Our role is to help navigate these challenges, not just provide the technology. We act as strategic partners to help them bridge these gaps.
But maybe even more important – we show them IIoT / AI proven platform solutions that already work and already address these concerns. Often as a first step we build a customer specific PoC that uses their device data and showcases how our Flex Platform – as is – handles all of these concerns. This goes a long way to bridging these gaps.
How do you foster a culture of innovation within your organization to stay ahead in the tech race?
Lee House: Fostering a culture of innovation at IoT83 is central to our DNA. It’s not just about what we build, but how we build and think:
1. It Starts with a Team-Wide Sense of Mission: Where the entire team understands the core IoT83 mission and our goals for the Flex platform – to make creation of context-specific enterprise-class IIoT and AI solutions that are highly secure, reliable, flexible and built for cost-efficiency running at scale – teams can be more empowered.
2. Team Ownership & Autonomy: Our Engineering teams and product owners are empowered to explore, experiment, and own their solutions long-term. This fosters a sense of responsibility and creative problem-solving, but also drives cross specialty collaboration to build complete and valuable platform components.
3. Innovate to Win: Innovation is key to our success, and because inherently involves risk, we encourage experimentation to drive informed judgements about future investments. New technologies or innovations that “make the cut” we invest in. Those that don’t, we learn from.

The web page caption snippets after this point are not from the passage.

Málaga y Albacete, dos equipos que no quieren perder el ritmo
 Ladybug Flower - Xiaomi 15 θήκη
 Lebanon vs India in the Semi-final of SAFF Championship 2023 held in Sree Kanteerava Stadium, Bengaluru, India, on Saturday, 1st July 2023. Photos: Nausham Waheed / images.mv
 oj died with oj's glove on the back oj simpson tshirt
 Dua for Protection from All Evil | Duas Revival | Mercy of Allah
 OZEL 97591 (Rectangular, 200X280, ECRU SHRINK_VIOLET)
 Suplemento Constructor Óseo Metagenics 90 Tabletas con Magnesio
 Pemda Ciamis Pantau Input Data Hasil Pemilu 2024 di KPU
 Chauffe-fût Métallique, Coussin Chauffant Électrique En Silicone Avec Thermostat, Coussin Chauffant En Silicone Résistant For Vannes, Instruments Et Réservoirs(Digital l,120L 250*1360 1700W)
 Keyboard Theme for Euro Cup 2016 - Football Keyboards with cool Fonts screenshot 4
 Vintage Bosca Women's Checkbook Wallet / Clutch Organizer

4. Cross-Functional Collaboration: Our teams work closely with sales, marketing, and directly with clients. This constant feedback loop ensures that our innovation is always grounded in real-world problems and that our solutions have immediate market applicability.
5. Purpose-Driven Innovation: Our team is passionate about the impact we have on our customers and the IIoT/AI industry. This shared purpose—helping OEMs innovate and thrive—is a powerful motivator that fuels our drive to stay ahead and continuously push the boundaries of what’s possible with our Flex platform.